= Adalric of Gascony =

8th-century Basque lord in Gascony

Adalric was probably a Basque lord in the late eighth century in Gascony. He has been called a possible Duke of Gascony by some scholars.

He was a possible son of Lupo II of Gascony. After Lupo's death, Adalric controlled western Gascony including Lower Navarre, Béarn, and Bigorre. His brother Sancho controlled the east.

In 788, he captured Chorso of Toulouse and made him swear a humiliating oath, either to himself or to Lupo II. Upon this Chorso was released, but Charlemagne dismissed him from his post.

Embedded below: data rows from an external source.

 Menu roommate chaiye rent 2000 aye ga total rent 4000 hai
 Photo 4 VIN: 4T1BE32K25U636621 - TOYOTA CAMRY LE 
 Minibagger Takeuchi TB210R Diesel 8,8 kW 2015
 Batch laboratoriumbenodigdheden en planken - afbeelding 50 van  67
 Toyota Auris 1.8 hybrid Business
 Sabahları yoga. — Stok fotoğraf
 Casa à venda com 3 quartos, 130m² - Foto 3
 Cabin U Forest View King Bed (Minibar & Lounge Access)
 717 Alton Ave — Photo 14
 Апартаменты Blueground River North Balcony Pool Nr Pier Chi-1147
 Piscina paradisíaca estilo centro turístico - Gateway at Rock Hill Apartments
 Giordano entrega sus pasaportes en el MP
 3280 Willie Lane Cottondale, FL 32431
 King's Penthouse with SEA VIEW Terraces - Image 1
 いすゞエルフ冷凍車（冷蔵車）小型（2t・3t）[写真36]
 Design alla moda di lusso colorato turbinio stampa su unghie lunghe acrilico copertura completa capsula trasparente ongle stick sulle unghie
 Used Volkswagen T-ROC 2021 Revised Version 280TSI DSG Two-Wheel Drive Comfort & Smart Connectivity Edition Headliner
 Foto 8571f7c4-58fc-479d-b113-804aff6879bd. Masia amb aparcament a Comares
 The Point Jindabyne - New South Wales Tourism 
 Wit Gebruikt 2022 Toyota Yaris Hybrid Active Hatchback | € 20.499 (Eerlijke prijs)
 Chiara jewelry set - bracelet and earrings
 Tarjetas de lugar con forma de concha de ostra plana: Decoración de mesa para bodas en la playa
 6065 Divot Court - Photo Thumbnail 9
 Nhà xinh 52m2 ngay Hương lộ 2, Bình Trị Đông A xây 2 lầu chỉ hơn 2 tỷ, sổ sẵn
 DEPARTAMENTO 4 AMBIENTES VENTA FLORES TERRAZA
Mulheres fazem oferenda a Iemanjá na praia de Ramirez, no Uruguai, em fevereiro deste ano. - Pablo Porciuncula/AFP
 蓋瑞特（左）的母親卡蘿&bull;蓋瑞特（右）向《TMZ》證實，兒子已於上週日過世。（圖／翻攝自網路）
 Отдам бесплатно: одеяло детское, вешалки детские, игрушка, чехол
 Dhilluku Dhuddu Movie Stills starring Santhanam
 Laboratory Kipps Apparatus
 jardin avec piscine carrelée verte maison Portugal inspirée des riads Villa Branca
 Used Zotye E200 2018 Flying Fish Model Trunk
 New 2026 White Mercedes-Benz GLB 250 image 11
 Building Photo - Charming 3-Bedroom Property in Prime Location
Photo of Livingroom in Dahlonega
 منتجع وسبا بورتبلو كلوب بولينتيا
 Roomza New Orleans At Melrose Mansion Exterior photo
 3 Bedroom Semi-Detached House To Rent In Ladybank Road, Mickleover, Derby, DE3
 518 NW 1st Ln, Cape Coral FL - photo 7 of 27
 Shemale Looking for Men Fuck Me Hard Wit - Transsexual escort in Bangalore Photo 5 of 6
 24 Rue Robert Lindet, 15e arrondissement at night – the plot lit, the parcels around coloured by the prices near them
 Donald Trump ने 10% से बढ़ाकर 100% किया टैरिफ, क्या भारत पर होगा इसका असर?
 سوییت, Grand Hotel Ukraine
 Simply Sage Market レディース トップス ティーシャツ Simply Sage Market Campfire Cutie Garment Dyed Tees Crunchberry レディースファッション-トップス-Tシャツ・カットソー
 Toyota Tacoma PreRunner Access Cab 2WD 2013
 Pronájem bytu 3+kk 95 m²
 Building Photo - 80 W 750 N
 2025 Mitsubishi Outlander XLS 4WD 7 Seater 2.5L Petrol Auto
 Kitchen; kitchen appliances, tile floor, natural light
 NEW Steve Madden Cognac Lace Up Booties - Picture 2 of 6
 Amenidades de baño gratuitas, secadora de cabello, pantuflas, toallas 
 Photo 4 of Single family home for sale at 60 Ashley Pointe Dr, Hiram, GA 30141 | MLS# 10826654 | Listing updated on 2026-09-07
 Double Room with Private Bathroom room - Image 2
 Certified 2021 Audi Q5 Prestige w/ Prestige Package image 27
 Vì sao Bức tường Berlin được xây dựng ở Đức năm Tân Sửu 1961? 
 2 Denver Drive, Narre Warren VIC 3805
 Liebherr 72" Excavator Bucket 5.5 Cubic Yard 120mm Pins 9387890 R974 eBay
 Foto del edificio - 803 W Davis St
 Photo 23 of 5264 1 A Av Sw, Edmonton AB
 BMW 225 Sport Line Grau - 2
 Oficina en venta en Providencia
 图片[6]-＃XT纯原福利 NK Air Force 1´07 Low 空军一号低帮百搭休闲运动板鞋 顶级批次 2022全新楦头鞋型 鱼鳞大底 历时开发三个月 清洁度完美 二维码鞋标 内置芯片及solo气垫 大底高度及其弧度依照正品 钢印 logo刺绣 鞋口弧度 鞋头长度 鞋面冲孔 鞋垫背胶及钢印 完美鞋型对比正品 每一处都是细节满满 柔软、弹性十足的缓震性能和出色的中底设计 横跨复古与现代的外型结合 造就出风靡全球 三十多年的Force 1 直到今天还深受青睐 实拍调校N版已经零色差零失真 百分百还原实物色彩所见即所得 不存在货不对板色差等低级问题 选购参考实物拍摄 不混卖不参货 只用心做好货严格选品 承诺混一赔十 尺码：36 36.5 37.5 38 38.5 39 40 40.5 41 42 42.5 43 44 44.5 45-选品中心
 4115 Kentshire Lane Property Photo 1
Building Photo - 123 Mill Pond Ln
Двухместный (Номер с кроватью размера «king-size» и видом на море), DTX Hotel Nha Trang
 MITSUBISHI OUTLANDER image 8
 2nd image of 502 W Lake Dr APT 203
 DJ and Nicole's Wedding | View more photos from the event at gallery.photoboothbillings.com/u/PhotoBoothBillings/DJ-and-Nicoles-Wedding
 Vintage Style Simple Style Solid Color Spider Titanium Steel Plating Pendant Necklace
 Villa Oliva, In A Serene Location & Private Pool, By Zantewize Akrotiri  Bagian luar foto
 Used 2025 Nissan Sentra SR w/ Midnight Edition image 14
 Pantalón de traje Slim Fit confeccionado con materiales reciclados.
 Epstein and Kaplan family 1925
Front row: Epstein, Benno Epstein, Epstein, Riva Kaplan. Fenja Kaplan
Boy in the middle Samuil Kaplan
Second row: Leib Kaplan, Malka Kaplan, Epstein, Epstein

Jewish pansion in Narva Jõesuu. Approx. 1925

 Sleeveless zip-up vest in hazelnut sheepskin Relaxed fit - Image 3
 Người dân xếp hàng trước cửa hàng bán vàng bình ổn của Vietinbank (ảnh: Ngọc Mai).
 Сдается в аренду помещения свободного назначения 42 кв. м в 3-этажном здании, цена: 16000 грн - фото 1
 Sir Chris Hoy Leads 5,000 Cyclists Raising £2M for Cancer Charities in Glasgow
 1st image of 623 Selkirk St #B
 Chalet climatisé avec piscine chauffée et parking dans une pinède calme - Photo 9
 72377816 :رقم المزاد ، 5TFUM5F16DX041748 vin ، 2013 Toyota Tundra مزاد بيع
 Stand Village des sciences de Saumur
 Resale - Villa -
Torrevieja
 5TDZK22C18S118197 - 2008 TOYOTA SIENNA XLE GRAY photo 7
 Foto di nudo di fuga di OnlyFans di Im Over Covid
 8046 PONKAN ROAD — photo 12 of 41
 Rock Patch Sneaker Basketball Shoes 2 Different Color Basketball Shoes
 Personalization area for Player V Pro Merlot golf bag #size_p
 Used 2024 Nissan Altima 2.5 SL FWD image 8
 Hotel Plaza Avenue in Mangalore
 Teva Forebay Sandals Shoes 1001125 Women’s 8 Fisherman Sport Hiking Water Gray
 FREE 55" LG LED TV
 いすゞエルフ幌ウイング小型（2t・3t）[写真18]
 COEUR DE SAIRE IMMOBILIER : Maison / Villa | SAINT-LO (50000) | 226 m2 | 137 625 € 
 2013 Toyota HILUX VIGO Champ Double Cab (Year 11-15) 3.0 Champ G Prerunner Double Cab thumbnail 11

This incident gives rise to the notion that Adalric was in fact an independent Basque duke in Gascony, though others interpret him as a rival Carolingian count.

According to the spurious Charte d'Alaon, Adalric was captured by forces of Charlemagne and exiled to Hispania, later being killed in battle. This charter also makes him the father of Seguin I of Bordeaux and Centule. His relationships are, in fact, unknown.

==Sources==
- Collins, Roger. The Basques. Blackwell Publishing: London, 1990.
- "Astronomus", Vita Hludovici imperatoris, ed. G. Pertz, ch. 2, in Mon. Gen. Hist. Scriptores, II, 608.
- Monlezun, Jean Justin. Histoire de la Gascogne. 1864.